Failure. I failed. I set an ambitious goal, and I failed to meet it. I was physically incapable of achieving what I set out to do. And I'm ok with that. I tried.
We lasted three day trips and one overnight camping and made it about one mile over the NC border. An old waterman in Rodanthe, NC warned me about the strong and steady southwest winds prevalent in July when I went to pick up my new SUP. It wasn't that I didn't believe him -- of course I did. Guess it was just one of those things I needed to experience for myself. And I thought maybe the winds would back off overnight, so I could just paddle early in the day, even before dawn if I needed to.

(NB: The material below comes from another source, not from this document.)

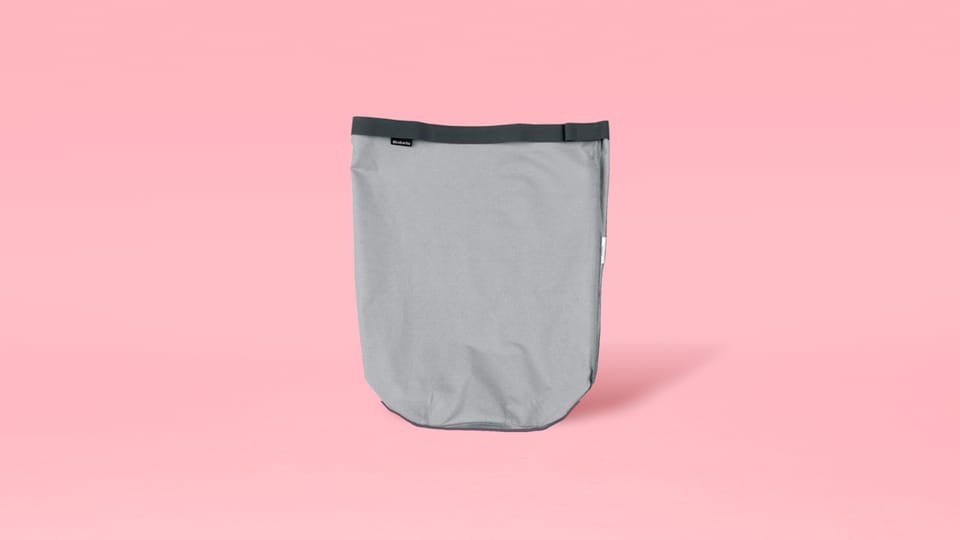 Waszakken.png Waszakken.png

It took us nearly three hours to go barely three miles on Monday afternoon from Pungo Ferry Landing Park to Sandy Point Campground on Knott's Island. And it was not easy paddling. I paddled pretty much as hard as I could without being able to take a break for an hour and 45 minutes during a two mile stretch that didn't have any protection from those punishing southwest winds. I started standing up, but quickly lowered to my knees when I realized how much sail area my body was creating. Then when my knees got sore, I sat down. Every time I switched position, I lost a little ground, ended up beam to the one-to-two-foot chop, and then had to struggle work my nose back into the wind.

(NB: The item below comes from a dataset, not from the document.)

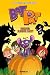 Bat Pat Vol. 2: Monster Slu...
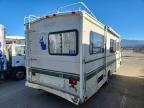 1990 Ford Econoline E350 Motor Home Chassis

My shoulders ached and burned. My knees screamed at me. My ankles protested. My thighs cramped up. I think maybe my hair didn't hurt, but it was the only part of me that didn't.

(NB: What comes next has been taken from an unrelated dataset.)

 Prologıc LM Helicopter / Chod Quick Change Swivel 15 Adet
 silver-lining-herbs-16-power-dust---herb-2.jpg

We made it to the pretty little campground, at which point our attitude about the winds changed. The breeze kept the bugs away. But they also stayed fairly steady at about 10 knots all night long. Didn't do much to help the Sound to settle down for another long day of paddling on Tuesday. When I got up in the morning to the heavy chop, I simply couldn't face the prospect of another day of contesting those winds. We called Greg's parents, who very kindly came to pick us up and take us back to Virginia Beach so we could adjust our plans so they didn't include 10 to 12 miles on a SUP each day.
My Very Best Friend said, "Not a failure! Just a change of plan." I very much appreciate her positivity and support. And I'm still gonna call it what it is...failure.
Calling it a failure doesn't mean it's a judgment on my self-worth or my moral character. It is an honest assessment of my physical capabilities and mental fortitude, which -- sure, doesn't feel great to know neither is as strong as I was hoping when I planned the trip. Now I know.
I would rather plan and try and fail a thousand times (ok, that might get to be a drag...how about 10 times) than never dream and never plan and never try just because I'm afraid to fail. It's a Winston Churchill's man in the arena approach. It also goes along with my ability to be ok, if not comfortable with being uncomfortable. Growth happens when I take myself out of my comfort zone, and there is the goodness, the sweetness of life in that growth.
So I'm taking from this failure a re-affirmation of my self-commitment to trying hard things, to dreaming big, to continually pushing myself into discomfort so that I can fully appreciate this one single life I have to live.
And, it's not like the adventure is over. This change of plans allows me to join up with my Aunt and Uncle on a 30-foot sail boat on a trip from Massachusetts to as far as we get south in the three weeks I'll be with them. Gonna learn me something about blow-boats!
3 comments:
Thank you, FMR, for correcting my “man in the arena” attribution from Winston Churchill to Teddy Roosevelt.
I felt your pain and progress with every word! What a great adventure despite the shift in plans.
It's good to know when it is just too much. The garden is huge and growing and needs planting and cultivating and harvesting all at the same time and I often think how I'm glad I don't have to worry about actually being hungry in the winter when I decide, "that's enough for today, that's all I can do today."